Sementara itu, hipertensi pada masa kehamilan bukan hanya saja meningkatkan risiko morbiditas lalu mortalitas bagi ibu, tapi juga menyebabkan komplikasi kritis seperti preeklamsia, eklamsia, gangguan peningkatan janin, bahkan kematian ibu maupun janin. Dalam beberapa kasus, hipertensi pada kehamilan juga dapat menyebabkan kelahiran prematur kemudian berat badan lahir rendah. Oleh sebab itu, pencegahan primordial terhadap hipertensi secara dini perlu dijalankan pada upaya mengendalikan serta menurunkan bilangan hipertensi dalam Indonesia.

“Pengendalian tekanan sangat penting untuk menghindari komplikasi hipertensi seperti stroke, penyakit jantung koroner, gagal jantung, gagal ginjal, kebutaan, kemudian kepikunan,” kata dr. Eka Harmeiwaty, Sp.N, Ketua InaSH pada kesempatan yang digunakan sama.
Menurut RISKESDAS 2018, hanya sekali 1 dalam antara 3 pasien hipertensi yang mana mencapai target pengobatan.
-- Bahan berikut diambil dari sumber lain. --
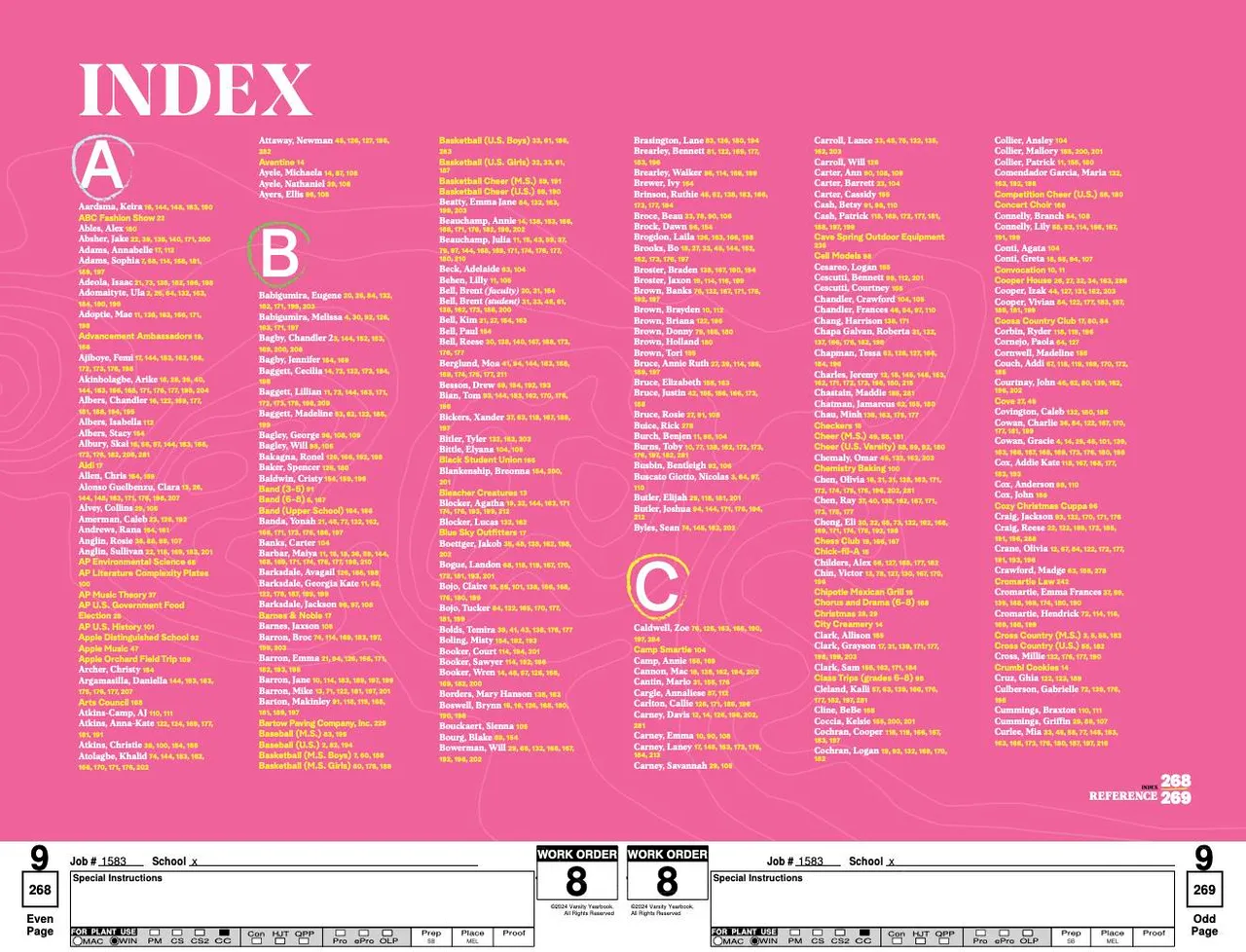 Murray Ellington and Rain Wang's third place spread in the Gold Circle awards Yearbook Index category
Angka ini tiada berjauhan berbeda dengan hasil survei MMM yang tersebut dilaksanakan oleh PERHI, pada mana ditemukan target terapi hipertensi tercapai cuma 38,2%. “Untuk mencapai target pengendalian hipeternsi 50% maka 24,3 jt lebih banyak penduduk dengan hipertensi harus mendapatkan penyembuhan yang dimaksud efektif,” ujar dr. Eka.
WHO sendiri, lanjut dr. Eka, memperkirakan bahwa pada 2023 ada 1,28 miliar penduduk dunia berusia 30-79 tahun mengalami hipertensi lalu hampir 2/3-nya hidup di area negara berkembang, termasuk pada Indonesia. Kurang dari separuhnya (42%) terdiagnosis kemudian mendapatkan pengobatan, namun semata-mata 21% yang mencapai target pengobatan. Hasil SKI Kementerian Aspek Kesehatan menunjukkan prevalensi hipertensi dalam Indonesia mengecil menjadi 30,8% dibandingkan hasil RISKESDAS 2018 (34,1%).